Dans le cas des très grandes plateformes en ligne et des très grands moteurs de recherche en ligne, la Commission disposera de pouvoirs directs de surveillance directe et de coercition et pourra imposer des amendes allant jusqu'à 6 % du chiffre d'affaires mondial d'un fournisseur de services dans les cas les plus graves et même demander à un tribunal une suspension temporaire des services de plateformes malhonnêtes qui refusent de s’acquitter d’obligations importantes et mettent ainsi en danger la vie et la sécurité des personnes.
2. Les principales implications pratiques du DMA
2.1 La principale nouveauté introduite par le DMA est le concept des « contrôleurs d'accès » : les acteurs clés dans le contexte de l'économie numérique.
Cela concerne non seulement Amazon, Alibaba et d'autres plateformes de marché similaires, mais aussi Apple avec son Appstore, Google avec son moteur de recherche dominant ou Facebook avec son énorme quantité d'informations sur ses utilisateurs. Ces contrôleurs d'accès se voient désormais imposer un certain nombre d'obligations et d'interdictions afin de rendre l'économie numérique accessible et libre pour tous.

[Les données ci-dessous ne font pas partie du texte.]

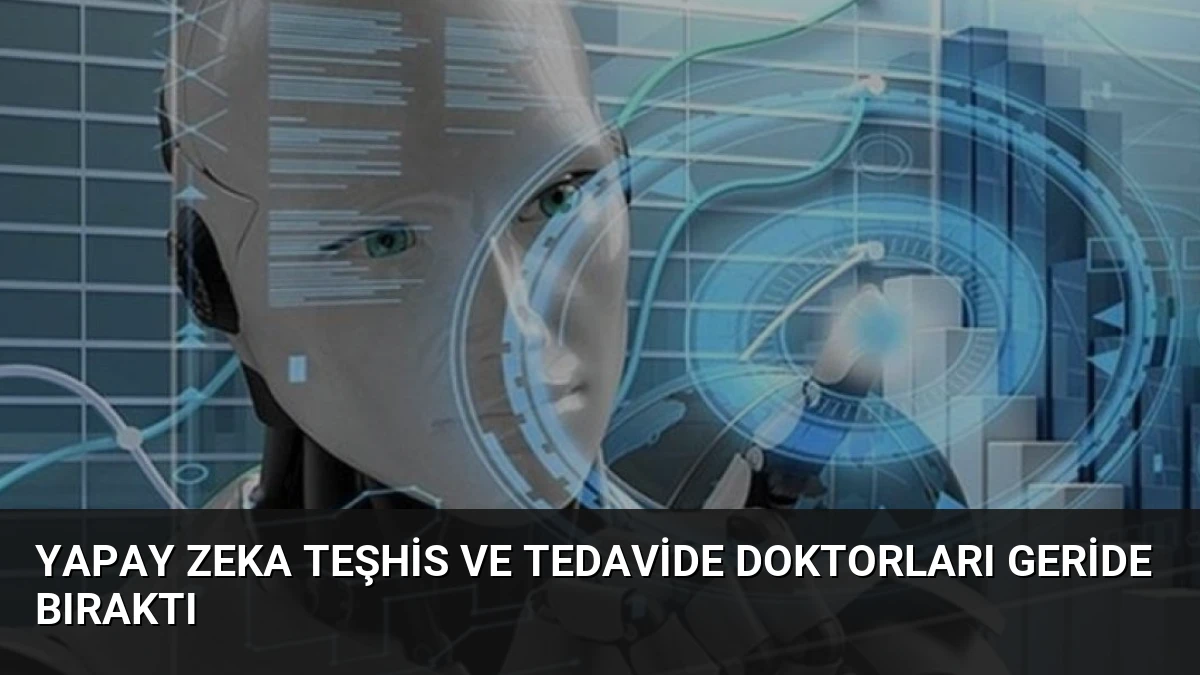 Yapay Zeka Teşhis ve Tedavide Doktorları Geride Bıraktı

Les entreprises doivent déterminer eux-mêmes si elles remplissent les conditions prévues par le règlement pour être considérées comme contrôleurs d’accès et fournir des informations à ce sujet à la Commission.
La Commission désignera ensuite, sur la base de ces informations ou après une étude de marché, comme contrôleur d’accès les entreprises qui qualifient en tant que telles.
Au plus tard six mois après avoir été désignée comme contrôleur d’accès, une entreprise doit se conformer aux obligations et aux interdictions prévues par le règlement.
Les plateformes en ligne établis en dehors de l'Union européenne qui proposent leurs services dans le marché unique mais qui n'y sont pas établis, sont tenus de désigner un représentant légal.
2.2 Quelques exemples des obligations que le DMA impose aux contrôleurs d’accès :
- les utilisateurs finaux doivent pouvoir désinstaller facilement les applications préinstallées ou modifier les paramètres par défaut des systèmes d'exploitation, des assistants virtuels ou des navigateurs web qui les orientent vers les produits et services du contrôleur d'accès, et avoir accès à des écrans multichoix pour les services essentiels ;
- les utilisateurs finaux doivent pouvoir installer des applications ou des boutiques d'applications tiers qui utilisent le système d'exploitation du contrôleur d'accès ou qui interagissent avec lui ;
- veiller à ce que les utilisateurs finaux puissent se désabonner des services de plateforme essentiels du contrôleur d’accès aussi facilement qu'ils s’y abonnent ;
- permettre à des tiers d'interagir avec les services propres au contrôleur d’accès;
- offrir aux entreprises qui font de la publicité sur leur plateforme un accès aux outils de mesure des performances de contrôleurs d’accès et aux informations dont les annonceurs et les éditeurs ont besoin pour vérifier indépendamment leurs propres publicités hébergées par le contrôleur d’accès ;
- permettre aux entreprises utilisatrices de promouvoir leurs offres sur la plateforme et à conclure des contrats avec des clients en dehors de la plateforme ;
- permettre à leurs utilisateurs professionnels d'accéder aux données générées par leurs activités sur la plateforme du contrôleurs d’accès.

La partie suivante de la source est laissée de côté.